Many computerized physician order entry (CPOE) systems have integrated clinical decision support (CDS) with the potential to reduce medication errors and improve patient safety. The article looks at how physicians handle safety alerts when medication orders are processed. The review focuses mainly on the conceptual analysis of the determinants of overriding drug safety alerts.

Research Questions

The authors posted the following questions: “How often and in what situations are safety alerts overridden? Why do physicians override them? What effects ensue? What understanding of alert overrides can lead to improved alerting systems?”

Methods

The authors searched for literature on publications involving CPOE on Medline and Embase databases from January 1980 to December 2004. They examined and identified publications addressing overriding of drug safety alerts during medication order processing.

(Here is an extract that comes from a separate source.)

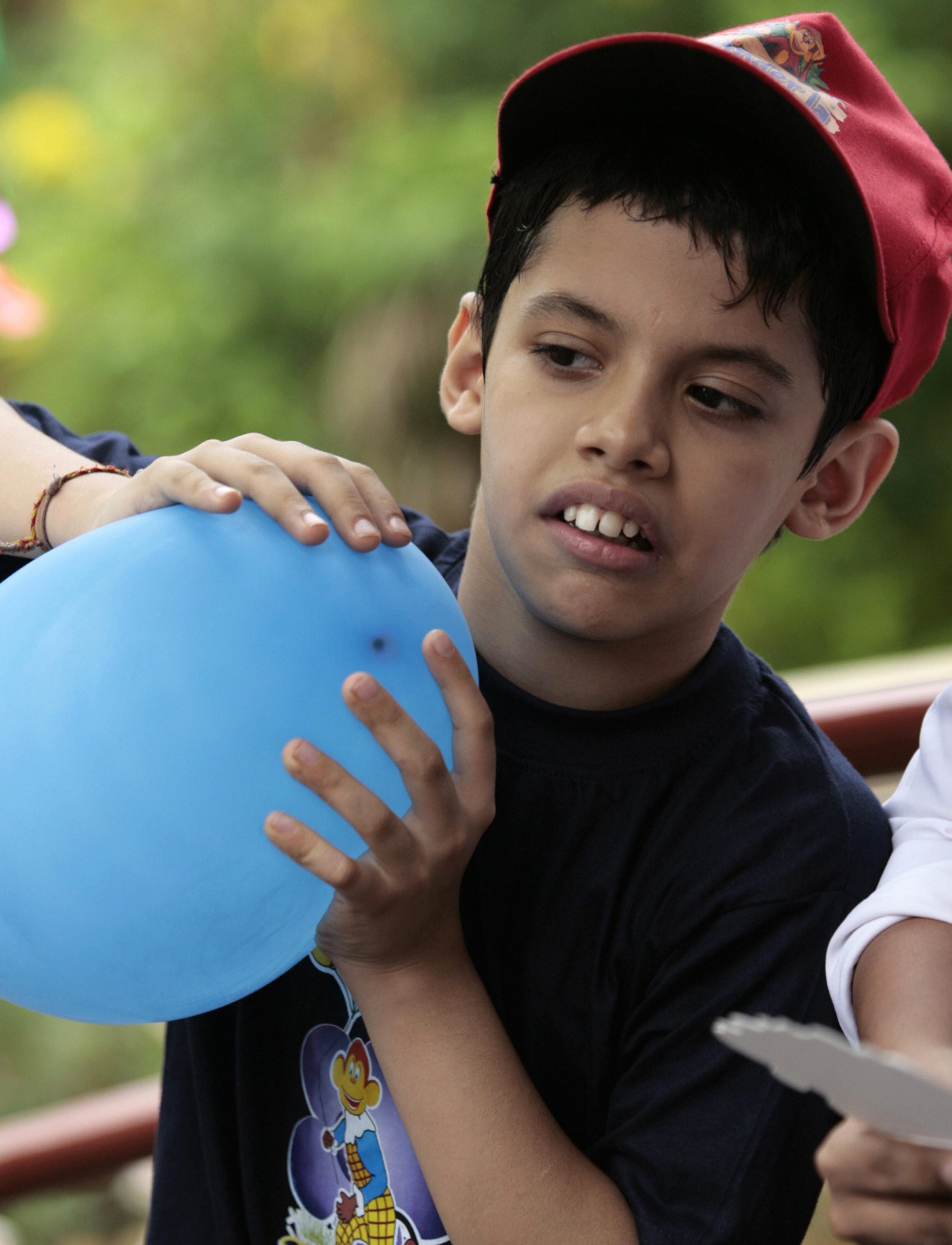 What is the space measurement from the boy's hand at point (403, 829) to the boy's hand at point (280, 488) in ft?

Seventeen publications on overriding safety alert in CPOE were selected and nine provided quantitative information on overriding.

Results

Safety alerts are overridden 49% to 96% of cases with lower override rates for drug interactions and contraindications. Though not completely confirmed, some studies showed that low-level alerts appeared to be overridden more often than high-level alerts. Drug renewals, drug interactions with topical drugs and poorly defined drug allergies were among those with high override rates. Adverse events were observed in 2.3% to 6% of overridden alerts.

Conclusion

CDS when integrated with CPOE systems improve patient safety by reducing medication errors through safety alerts. Alerts, depending on whether they are justified or unjustified, low or high specificity and sensitivity, could cause adverse events when overridden. Too many unnecessary safety alerts will cause alert fatigue and increase overrides. If poorly designed, decision support in CPOE can compromise patient safety. Improving alerting will decrease overriding and improve safety. Alerts need to be monitored, should have high specificity and sensitivity, do not unnecessarily interfere with workflow, and should have clear information.